State of the Arts: The Opioid Crisis As Seen From the Kitchen Table
An Akron theater company is telling the story of a family that’s been torn apart by addiction and put back together after years of struggle, only to find itself on the brink once again. "Daybreak's Children" looks at the opioid crisis through one family’s front window.
"Daybreak’s Children" is tragic, sometimes darkly funny and to Akron native John Dayo Ailiya, who wrote and directs the play, it’s personal.
"I grew up in the 80s and 90s in inner city America and addiction was everywhere," he said.
The play looks at how addiction has changed from the crack epidemic of 30 years ago into the opioid crisis of today.
"Even if a small percentage of black people are suffering from opioid addiction, we don’t see those stories enough."

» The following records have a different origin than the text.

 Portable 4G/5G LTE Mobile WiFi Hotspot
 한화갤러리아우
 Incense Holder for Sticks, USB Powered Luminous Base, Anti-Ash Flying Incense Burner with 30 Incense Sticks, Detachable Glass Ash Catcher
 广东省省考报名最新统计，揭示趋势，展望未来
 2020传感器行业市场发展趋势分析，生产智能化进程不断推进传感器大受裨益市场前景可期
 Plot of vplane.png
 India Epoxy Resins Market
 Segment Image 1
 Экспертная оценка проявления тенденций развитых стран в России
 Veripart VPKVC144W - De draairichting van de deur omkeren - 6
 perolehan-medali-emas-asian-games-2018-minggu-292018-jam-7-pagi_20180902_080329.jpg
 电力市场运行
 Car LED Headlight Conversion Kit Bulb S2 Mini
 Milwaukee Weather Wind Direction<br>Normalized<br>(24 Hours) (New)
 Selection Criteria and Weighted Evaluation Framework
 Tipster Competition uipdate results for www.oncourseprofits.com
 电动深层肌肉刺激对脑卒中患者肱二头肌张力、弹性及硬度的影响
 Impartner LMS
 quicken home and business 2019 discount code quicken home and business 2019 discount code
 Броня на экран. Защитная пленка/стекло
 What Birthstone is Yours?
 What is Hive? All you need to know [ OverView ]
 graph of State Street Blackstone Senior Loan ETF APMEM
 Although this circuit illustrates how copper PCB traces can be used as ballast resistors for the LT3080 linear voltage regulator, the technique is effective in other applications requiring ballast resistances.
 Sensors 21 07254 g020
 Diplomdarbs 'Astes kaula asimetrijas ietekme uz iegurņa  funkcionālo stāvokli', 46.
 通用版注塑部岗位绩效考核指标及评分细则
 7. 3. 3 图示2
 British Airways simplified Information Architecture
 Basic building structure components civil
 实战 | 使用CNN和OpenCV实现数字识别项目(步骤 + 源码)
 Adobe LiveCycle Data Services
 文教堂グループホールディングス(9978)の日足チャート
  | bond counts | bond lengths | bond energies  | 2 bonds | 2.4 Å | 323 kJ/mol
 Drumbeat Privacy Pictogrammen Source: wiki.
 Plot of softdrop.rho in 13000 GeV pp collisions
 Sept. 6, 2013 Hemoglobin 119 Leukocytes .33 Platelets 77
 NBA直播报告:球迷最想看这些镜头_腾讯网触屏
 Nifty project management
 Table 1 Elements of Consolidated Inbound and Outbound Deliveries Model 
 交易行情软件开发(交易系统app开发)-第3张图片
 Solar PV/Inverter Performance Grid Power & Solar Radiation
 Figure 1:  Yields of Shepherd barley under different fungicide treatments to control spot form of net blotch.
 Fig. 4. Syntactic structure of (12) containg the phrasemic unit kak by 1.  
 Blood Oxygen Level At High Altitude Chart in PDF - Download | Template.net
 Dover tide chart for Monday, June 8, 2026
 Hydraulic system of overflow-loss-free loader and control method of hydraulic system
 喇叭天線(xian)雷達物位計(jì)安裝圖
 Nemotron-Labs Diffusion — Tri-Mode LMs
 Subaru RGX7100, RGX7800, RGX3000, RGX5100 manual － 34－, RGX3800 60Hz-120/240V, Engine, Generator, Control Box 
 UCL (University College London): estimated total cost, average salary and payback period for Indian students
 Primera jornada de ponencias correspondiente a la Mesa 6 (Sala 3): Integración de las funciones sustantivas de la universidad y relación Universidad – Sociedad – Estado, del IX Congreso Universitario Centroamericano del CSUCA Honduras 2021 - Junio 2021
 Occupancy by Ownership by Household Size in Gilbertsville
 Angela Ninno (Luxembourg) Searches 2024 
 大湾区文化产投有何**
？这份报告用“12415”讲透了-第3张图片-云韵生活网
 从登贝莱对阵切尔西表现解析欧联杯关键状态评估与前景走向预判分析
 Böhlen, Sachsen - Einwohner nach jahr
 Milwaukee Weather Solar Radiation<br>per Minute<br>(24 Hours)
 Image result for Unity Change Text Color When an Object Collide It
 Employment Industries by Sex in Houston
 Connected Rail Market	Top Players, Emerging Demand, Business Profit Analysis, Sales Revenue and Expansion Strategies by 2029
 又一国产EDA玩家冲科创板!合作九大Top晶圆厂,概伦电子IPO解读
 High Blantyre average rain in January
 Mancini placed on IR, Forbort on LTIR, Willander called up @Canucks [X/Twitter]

Is love stronger thanaddiction
The story centers on a Detroit family who survived addiction in the 1990s and is struggling in the economic recession of the late 2000’s, when the opioid crisis takes hold.
"So that’s at the center of the story, this question: is love stronger than addiction?"
Caorl McAfee plays the character Sharon Hill, the mother who ties the play's three generations together.
"Sharon Hill is a mother who has beat a heroin addiction and now she wants to beat her grown children. She has a lot of controversy in her family and then she finds out, above all else, that her husband has returned to the addiction that we beat together. So it’s very trying," McAfee said.
"We didn’t want to tell stories that have already been told. We wanted to challenge ourselves to create stories that were as important to our experience as "The Seagull" would have been to people living in Chekov’s time," Dayo Ailiya said.
"But the challenge is always to try to treat black lives, our lives, with the same amount of nurture, the same amount of care. So that we can render the same amount of beauty, but about stories about people who live in the projects here in Akron or throughout America. You know what I mean?"
Dayo Ailiya’s theater company was founded to tell those stories. It’s called Ma’Sue Productions.
"Ma’Sue, Ma’Sue that’s my grandmother. Her name was Sue and we called her ‘Mama,’ so that’s how it shortens to ‘Ma’Sue.’ I think that my grandmother was the one who inspired in us the need that, when you take something seriously, when you love something or someone, there’s a certain amount of love and care and detail that must be given to that thing or person. And she loved us."
His play about love, family and addiction runs through February 17th at the Balch Street Theatre in Akron.